■ Source material:
::::::::
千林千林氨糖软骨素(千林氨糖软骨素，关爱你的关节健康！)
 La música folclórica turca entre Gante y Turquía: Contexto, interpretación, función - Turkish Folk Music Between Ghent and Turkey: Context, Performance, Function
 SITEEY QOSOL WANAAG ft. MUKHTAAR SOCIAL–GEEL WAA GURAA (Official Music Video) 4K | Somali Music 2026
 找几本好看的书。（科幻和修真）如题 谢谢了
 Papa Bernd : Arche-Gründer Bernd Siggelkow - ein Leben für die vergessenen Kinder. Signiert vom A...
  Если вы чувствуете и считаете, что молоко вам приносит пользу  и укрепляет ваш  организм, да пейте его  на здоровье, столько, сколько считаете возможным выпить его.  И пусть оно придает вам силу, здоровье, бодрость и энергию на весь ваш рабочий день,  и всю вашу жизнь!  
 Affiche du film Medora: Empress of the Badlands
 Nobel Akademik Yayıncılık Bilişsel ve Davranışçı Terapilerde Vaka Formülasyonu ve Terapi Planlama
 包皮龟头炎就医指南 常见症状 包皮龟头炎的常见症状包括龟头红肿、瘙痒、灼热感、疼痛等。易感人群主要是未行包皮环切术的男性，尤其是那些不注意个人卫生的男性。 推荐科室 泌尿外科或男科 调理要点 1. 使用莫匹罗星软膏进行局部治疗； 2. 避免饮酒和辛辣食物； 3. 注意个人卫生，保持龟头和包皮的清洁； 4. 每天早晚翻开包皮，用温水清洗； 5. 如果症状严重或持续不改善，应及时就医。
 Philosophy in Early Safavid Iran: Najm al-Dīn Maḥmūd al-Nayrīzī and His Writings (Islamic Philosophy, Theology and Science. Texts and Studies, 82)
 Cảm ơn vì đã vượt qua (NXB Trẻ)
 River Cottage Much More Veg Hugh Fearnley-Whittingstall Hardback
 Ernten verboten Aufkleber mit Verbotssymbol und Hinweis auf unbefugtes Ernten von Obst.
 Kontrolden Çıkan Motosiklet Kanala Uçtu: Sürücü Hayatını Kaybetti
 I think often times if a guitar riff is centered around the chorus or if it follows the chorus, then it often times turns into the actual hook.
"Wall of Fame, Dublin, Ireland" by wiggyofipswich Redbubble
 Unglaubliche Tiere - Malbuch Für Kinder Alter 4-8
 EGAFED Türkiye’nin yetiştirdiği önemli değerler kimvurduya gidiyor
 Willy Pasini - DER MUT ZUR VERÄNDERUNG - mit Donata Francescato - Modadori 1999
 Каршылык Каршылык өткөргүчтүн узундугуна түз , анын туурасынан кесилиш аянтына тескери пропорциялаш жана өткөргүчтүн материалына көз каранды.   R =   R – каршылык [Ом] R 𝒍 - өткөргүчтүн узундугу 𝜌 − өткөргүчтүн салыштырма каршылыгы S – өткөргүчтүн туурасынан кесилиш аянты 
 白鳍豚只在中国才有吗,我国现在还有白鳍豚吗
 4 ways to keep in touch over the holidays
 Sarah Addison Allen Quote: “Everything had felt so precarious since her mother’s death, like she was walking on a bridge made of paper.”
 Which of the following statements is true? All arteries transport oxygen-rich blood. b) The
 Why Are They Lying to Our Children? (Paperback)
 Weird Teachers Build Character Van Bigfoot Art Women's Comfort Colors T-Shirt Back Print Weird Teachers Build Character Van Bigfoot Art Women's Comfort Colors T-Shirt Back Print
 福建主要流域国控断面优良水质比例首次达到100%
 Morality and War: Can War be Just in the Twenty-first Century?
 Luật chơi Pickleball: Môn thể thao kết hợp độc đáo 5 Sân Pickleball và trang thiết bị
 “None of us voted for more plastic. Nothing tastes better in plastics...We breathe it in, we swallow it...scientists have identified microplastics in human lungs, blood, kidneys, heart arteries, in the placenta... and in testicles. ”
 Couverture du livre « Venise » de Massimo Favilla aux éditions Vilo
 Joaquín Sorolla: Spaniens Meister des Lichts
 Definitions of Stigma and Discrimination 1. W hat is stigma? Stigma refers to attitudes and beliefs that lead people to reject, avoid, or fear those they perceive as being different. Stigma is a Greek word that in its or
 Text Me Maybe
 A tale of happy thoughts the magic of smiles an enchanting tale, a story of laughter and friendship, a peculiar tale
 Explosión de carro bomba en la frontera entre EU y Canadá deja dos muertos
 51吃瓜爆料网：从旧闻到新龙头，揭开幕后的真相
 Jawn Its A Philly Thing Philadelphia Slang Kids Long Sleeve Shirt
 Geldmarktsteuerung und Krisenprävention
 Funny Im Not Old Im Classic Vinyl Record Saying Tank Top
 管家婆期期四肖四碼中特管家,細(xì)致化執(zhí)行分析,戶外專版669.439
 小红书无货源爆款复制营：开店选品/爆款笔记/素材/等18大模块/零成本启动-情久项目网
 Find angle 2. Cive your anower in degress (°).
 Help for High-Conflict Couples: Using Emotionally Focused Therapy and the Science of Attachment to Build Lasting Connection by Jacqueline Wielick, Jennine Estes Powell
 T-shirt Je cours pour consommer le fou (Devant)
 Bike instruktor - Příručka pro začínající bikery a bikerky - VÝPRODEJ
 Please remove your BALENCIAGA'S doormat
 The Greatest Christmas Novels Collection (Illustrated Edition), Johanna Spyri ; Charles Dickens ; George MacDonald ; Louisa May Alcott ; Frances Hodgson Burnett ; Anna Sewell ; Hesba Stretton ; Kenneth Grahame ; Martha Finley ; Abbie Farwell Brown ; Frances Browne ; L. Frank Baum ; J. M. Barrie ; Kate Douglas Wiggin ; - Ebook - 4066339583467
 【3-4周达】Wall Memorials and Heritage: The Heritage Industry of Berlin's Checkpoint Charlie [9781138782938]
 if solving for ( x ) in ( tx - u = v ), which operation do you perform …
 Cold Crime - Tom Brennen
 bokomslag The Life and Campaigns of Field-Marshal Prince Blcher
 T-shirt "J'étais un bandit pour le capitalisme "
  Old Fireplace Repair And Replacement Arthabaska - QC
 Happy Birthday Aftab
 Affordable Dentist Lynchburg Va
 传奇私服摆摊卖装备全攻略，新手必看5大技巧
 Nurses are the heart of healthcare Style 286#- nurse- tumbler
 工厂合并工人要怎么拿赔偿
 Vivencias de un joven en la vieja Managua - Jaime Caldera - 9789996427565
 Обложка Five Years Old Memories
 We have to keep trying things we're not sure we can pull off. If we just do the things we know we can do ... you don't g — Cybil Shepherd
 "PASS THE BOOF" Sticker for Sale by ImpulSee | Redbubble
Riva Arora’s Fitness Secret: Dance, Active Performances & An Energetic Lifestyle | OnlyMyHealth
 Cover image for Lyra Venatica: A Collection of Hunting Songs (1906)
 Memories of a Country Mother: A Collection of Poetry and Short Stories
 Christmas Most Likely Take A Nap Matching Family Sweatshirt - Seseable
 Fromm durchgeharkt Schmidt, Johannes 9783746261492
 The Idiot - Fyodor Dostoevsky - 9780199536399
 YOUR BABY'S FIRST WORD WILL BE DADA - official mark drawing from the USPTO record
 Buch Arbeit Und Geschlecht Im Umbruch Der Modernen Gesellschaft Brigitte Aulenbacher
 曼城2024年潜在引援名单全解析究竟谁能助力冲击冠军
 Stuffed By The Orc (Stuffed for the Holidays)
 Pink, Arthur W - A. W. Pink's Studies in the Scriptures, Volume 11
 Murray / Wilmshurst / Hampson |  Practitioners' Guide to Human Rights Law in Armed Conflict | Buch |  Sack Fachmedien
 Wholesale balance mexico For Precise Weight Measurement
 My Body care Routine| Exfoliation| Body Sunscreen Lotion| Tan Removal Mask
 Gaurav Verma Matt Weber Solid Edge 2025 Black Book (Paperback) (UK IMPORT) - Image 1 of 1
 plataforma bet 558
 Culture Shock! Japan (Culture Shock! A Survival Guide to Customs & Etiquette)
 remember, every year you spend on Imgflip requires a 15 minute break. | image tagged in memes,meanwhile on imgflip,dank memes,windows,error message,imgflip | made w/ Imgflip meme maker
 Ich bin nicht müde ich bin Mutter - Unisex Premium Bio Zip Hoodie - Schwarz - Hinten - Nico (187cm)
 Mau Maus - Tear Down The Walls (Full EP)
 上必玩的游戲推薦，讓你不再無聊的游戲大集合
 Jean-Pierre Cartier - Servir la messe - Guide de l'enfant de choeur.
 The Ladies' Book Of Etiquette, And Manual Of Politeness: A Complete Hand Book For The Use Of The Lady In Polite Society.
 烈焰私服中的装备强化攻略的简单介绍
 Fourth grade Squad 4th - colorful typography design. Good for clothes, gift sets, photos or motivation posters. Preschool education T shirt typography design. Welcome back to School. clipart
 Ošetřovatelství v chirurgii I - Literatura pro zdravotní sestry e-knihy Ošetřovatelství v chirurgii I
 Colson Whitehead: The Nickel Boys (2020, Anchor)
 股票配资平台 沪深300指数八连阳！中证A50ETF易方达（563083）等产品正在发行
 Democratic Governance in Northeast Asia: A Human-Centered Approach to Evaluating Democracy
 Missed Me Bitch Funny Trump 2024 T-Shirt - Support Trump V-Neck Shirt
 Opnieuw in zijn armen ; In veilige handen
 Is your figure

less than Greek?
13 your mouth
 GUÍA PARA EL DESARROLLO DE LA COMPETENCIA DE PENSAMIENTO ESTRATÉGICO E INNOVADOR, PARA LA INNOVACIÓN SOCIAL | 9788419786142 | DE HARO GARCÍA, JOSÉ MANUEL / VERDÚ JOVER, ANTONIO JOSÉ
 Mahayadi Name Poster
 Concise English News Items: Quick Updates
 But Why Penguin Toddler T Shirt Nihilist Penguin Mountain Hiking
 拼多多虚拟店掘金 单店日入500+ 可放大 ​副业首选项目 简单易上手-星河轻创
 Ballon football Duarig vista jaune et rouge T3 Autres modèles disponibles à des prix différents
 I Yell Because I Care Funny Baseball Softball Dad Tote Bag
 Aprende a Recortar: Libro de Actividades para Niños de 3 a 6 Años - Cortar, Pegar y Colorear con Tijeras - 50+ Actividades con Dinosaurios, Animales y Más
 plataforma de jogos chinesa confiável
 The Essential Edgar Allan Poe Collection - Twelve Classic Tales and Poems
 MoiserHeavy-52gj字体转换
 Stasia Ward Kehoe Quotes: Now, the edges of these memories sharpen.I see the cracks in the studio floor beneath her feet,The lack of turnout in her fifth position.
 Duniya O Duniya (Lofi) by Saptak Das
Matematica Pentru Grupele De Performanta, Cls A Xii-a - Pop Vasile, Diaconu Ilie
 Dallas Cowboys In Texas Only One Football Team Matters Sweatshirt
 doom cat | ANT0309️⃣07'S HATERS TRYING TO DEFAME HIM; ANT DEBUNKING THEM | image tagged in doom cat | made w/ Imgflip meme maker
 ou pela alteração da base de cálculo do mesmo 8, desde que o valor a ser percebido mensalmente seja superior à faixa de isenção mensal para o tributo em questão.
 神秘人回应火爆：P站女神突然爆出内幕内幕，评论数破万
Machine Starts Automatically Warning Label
::::::::
■ Your task: Going back over the entries above, copy word for word every line from the one that has "Bike instruktor - Příručka" on through the one that has "Please remove your BALENCIAGA'S doormat".

■ Problem solution:
 Bike instruktor - Příručka pro začínající bikery a bikerky - VÝPRODEJ
 Please remove your BALENCIAGA'S doormat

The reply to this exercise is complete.